When people ask me “but what about the consequences?” I think to myself, what about the consequences of dying never having experienced, never having pushed yourself, never knowing what if?!
If I fuck up, if I make a mistake, it’s because I was trying something I had no idea if I could do, but it’s something I started, something that I, one way or another, will find out if it’s possible for me. The possibility of failure doesn’t scare me, as it’s less daunting than the prospect of never knowing.
Many times I feel we are so scared of failing that we never start. We are so worried about what others will think or how they’ll react that we don’t listen to our true selves. Instead, we follow a path influenced by what our parents want, our friends think is cool or society tells us is successful, and, if we’re lucky, a little of our own hopes, dreams and ideas may creep.
Have you ever just shed the outside influences, had a conversation with yourself, and thought of what your life would look like if you were the only architect? A life truly designed by you.
Even after putting significant thought into it, I’m not sure exactly what that life would look like for me. As I get closer and closer to the first step on this trek I feel outside influences clouding me less every day. The fog is starting to lift and I’m connecting more and more with my true self, my true values and direction.
At times I’m still confused about the few short months that led me to go from a CEO living in a penthouse to a cameleer in a caravan, but I know it’s the right path for me right now.

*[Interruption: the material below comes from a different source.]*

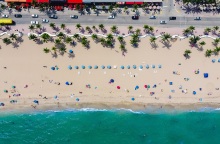 Παραλία στη Φλόριντα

The silence I seek in order to achieve clarity is out there on the trek. Some people meditate, do yoga, spend a week on a beach or turn their phone off for a day. (See if you can, without checking it to see if you’ve missed anything important.) But I found it hard to change myself in the environment I was in, so I’ve changed the environment.
I had to sacrifice, go backwards financially, let some people down, pull out of commitments I’d made … It was not easy to step off the express train I was on, especially after convincing others to come on board with me.
I could return to that previous easier life. But I don’t. I keep training and persevering, despite my first group of camels being shot, the extra expenses, the car roll over, the broken toe, delays meaning I’ll start trekking in extreme heat, the trip going from 1700kms to 6500 kms, despite feeling disconnected from my friends and family, and, most times, having no fucking idea what I’m doing, desperately trying to learn in time. Some days I lock myself away because it feels all too fucking hard.
Yet I haven’t had one hesitation because I know I will not regret it, regardless of the outcome. There’ll be no doubt. I will know. In future I’ll hold my head high and say, “I remember when … [enter experience here].”